The CDS contributes to open-source datascience software by funding contributors of these projects on a given “doctoral mission”. Doctoral missions concerned a total of thirteen PhD students, each student engaged in the development of new tools related to data science (machine learning, distributed computing, data visualisation, method documentation). Most of the projects achieved noticeable impact on the users of these packages and the new sphinx-gallery package has become a core package for making scientific Python projects more accessible to non-expert users. The projects are the following:
Table of Contents:
Anomaly detection in Scikit-Learn
Contributions to this project included the implementation of two state-of-the-art anomaly detection algorithms, namely the Isolation Forest algorithm and the Local Outlier Factor algorithm. The first one has been merged on scikit-learn development version, while the second one still needs some work.
This contribution also includes participation to the scikit-learn maintenance and pull requests review. This project was a real success as it offers to scikit-learn the tool to better address academic and industrial data challenges related to anomaly and novelty detection (predictive maintenance, device monitoring, etc.).
Contribution to Operalib
A new Python library Operalib devoted to various machine learning algorithms devoted to operator-valued kernels regression was implemented. Operator-valued kernels regression provide a general framework allowing for learning vectorial, functional and structured outputs including multi-task regression or vector field learning. Operalib includes efficient implementation of the following algorithms: OKR-ridge regression, Naive Online OVKR, Quan- tile Regression.
Incorporating multivariate adaptive regression splines into Scikit-Learn
The purpose of the project was to incorporate MARS (Multivariate Adaptive Regression Splines) into scikit-learn by adapting and improving an existing implementation named py-earth . MARS is a non-parametric regression algorithm and py-earth is an implementation of it in Python. During this mission doctorale, a number of contributions have been made to the existing code of py-earth. Part of the contributions was to clean the code, adapt it to the coding guidelines of scikit-learn (http://scikit-learn.org/stable/developers/), enhance the documentation and add more unit tests. Further, new features were added. py-earth lacked a way to deal with multiple outputs, the first contribution was to add a way to deal with multiple outputs with the possibility of weighting each output variable.The second contribution was to add three different ways of estimating input variables importances, the purpose of this contribution was to bring a way to assess the predictive power of each input variable. The final contribution was to implement FastMARS, a way to speed up the original MARS algorithm.
Dipole fitting in MNE-Python
The aim of this project was to ease the use of a standard MEG/EEG technology called dipole fitting via a reimplementation in MNE-Python that benefits from a large user base. This project was completed and released in september 2015. The project now offers an open implementation of a technology that is routinely used in clinical practice.
This project contributed to the visibility of the MNE project and helped the funding of the project by Concours Mondial de l’Innovation (CMI) 2015 in collaboration the Bioserenity and Dataiku companies.
File IO for electrophysiology data
The community of MEG and EEG is scattered with a number of hardware vendors that all implement their file format for the acquired data. The ambition of this project is to extend the list of supported file format in the open source project MNE. The list of now supported format for EEG is provided on the MNE IO manual page. The addition of the EEGLAB file format contributed to the adoption of the MNE project in the EEG community.
Tom Dupré la Tour is a core developer of the scikit-learn project. He maintained during this mission linear models for large scale classification and improved the performance of a number of estimators (Logistic Regression, NMF).

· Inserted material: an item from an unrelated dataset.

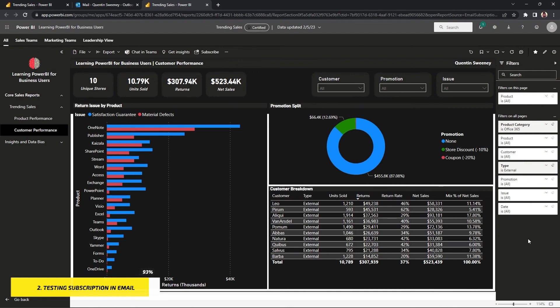So that is a glimpse into the subscription and really cool ways for you to share and automate data across your organization and also to yourself.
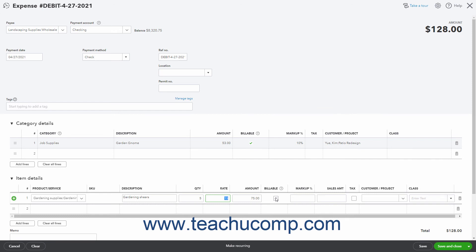To delete a row you entered, click the trash can icon at the right end of the row. To add multiple rows or clear all rows, click the Add Lines or Clear All Lines buttons below this section.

Parallel computing in joblib
The goal of the project is to improve the Python multiprocessing backend of joblib, used extensively by scikit- learn. The technical challenge is that, to avoid locks, the parallel-computing strategy of the multiprocessing module is to spawn multiple processes. Error management and nested parallelism are difficult in such setting. The project is still ramping up, but we could already identify and fix many failure modes of the Python multiprocessing module when computation crashed in workers. Fixes will be first integrated in joblib, and later contributed upstream in the Python standard library.
The goal of this mission doctorale was to create a software tool that integrates example files in a on-line documentation: Sphinx-gallery.
Starting from simple Python files, the resulting tool runs them, captures the output, figures and text, generates HTML rendering that weave these together, creates IPython notebooks out of them, and exposes all the examples in a gallery. Finally, links are adding the HTML code listing to relate each symbol to the corresponding documentation, leveraging the intersphinx mechanism.